Quei palloni sparacchiati nei popolari una certa paura l'avevano messa. Quel ruminare calcio senza costrutto sembrava la sintesi più lucida del complessivo disagio. Insomma, dopo gli strafalcioni dell'ultimo turno di campionato, diventava difficile spargere ottimismo sugli impegni delle italiane in Champions. Sbagliato. Come spesso ci succede ritroviamo gioco e risultati in Europa. E restituiamo benessere anche ai pancini doloranti di quei milionari un po' naif. Niente di straordinario, s'intende. Ma di questi tempi due vittorie ed un pareggio fuori dai confini rappresentano patrimonio da urlo. Anzi, nel caso del Napoli qualsiasi iperbole appare del tutto giustificata.

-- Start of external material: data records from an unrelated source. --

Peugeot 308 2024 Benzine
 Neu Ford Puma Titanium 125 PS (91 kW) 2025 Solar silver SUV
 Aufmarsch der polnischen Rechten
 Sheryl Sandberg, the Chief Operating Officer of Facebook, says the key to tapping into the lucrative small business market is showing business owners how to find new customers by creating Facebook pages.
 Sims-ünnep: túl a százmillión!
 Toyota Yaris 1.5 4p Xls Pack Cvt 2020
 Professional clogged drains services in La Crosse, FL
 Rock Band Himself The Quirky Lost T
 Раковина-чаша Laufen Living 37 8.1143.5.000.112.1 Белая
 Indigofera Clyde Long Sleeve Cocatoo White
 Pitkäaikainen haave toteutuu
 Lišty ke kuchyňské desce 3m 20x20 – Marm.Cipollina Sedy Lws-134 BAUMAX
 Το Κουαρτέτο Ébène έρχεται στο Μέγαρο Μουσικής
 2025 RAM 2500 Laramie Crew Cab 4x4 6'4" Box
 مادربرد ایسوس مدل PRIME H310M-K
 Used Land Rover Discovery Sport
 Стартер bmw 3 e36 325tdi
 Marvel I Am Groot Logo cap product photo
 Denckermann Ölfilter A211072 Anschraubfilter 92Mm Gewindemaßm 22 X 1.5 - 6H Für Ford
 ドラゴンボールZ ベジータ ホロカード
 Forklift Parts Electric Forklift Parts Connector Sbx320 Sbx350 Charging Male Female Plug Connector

Perché fermare il Bayern, questo Bayern tritatutto, significa aver acquisito una precisa dimensione internazionale. Che autorizza  a questo punto qualsiasi pensierino malizioso. A maggior ragione dopo una notte nella quale non tutto è filato liscio, coi tedeschi a lungo padroni del centrocampo, Cavani avvitato su se stesso, la difesa in sofferenza nei disimpegni e nelle chiusure centrali. Quisquilie per questo Napoli da esportazione anema e core ed attributi d'amianto. La verità è che comincia ad affiorare qualcosa di epico nelle sue prestazioni europee, con il "catino delle streghe", il San Paolo per i media tedeschi, ormai all'ultima picconata sullo scetticismo di quelli che si ribellano alla retorica del "dodicesimo uomo".

Certo, per fabbricare imprese questa squadra ha sempre necessità di prosciugare il proprio serbatoio di energie. E le riserve non valgono i big, in quest'ottica Mazzarri dovrà calibrare l’inevitabile turnover. Ma il fuoco sprigionato col Bayern incenerisce ogni perplessità. Almeno per ora. Almeno sino a quando le lame rotanti di Maggio affetteranno l’erba nemica con la ferocia esibita l’altra notte.

Anche l’Inter pare in netta ripresa.  Può far respirare il suo presidente. Il Moratti visto nel dopomatch col Lilla aveva l’aria di uno appena sfuggito ad un attacco alieno. Occorre comprenderlo. In Francia, al di là del golletto di Pazzini, comunque preziosissimo, sono riapparse qualità che parevano irrimediabilmente perdute. Thiago Motta ha restituito senso logico alla manovra, e pazienza se in tanti arricciano il naso davanti al suo football moviolato. Sneijder sulla trequarti ha riproposto quelle giocate di prima, quelle aperture improvvise che il baby Alvarez non può garantire. E dietro il miracolo di una difesa non più sbrindellata come in occasione del naufragio siculo, Julio Cesar a fare Batman, Lucio non più sfarfallante, Chivu soldato quasi insuperabile. Anche se quelle diciassette conclusioni concesse ai francesi segnalano crepe ancora vistose negli equilibri del reparto. Ora però non disturbate il "normalizzatore".

Sa quello che deve fare. Questa Inter per ritrovarsi ha necessità dell'assennatezza tattica di Ranieri. Che anche a Lilla ha vinto all’italiana, squadra corta e ripartenze. Per ora e’ quello che serve. L'emergenza non è passata. Sarebbe folle imporre calcio più spregiudicato.

Idee chiare che continuano a circolare anche nella testa di Allegri. Come il Boateng trequartista atipico sul quale insiste con successo. Col Bate Borisov il ghanese è stato decisivo, il suo gol un abbagliante capolavoro. Non avrà piedi fatati, farà fatica nello stretto, ma sa bene quando sfruttare fisico e tempi d'inserimento. La storia stabilirà se il principe dietro le punte sarà intuizione destinata a durare. Per adesso l'importante è che il Milan sia praticamente sbarcato negli ottavi recuperando infortunati eccellenti e parte delle caratteristiche vincenti dell'anno passato. Senza contare che Ibra ha uffcialmente annunciato la temporanea chiusura delle ostilità con il suo ego sempre in ebollizione. Giura che resterà in rossonero sino a fine contratto. Grande notizia. Ma non sufficiente per guardare negli occhi il Barça senza paura. Se il Milan vuole davvero strappargli il primo posto, è obbligato a crescere parecchio. Oltre a dover spiegare a Van Bommel che non sempre paga affidarsi allo stellone per rimediare a certi scarabocchi da oratorio.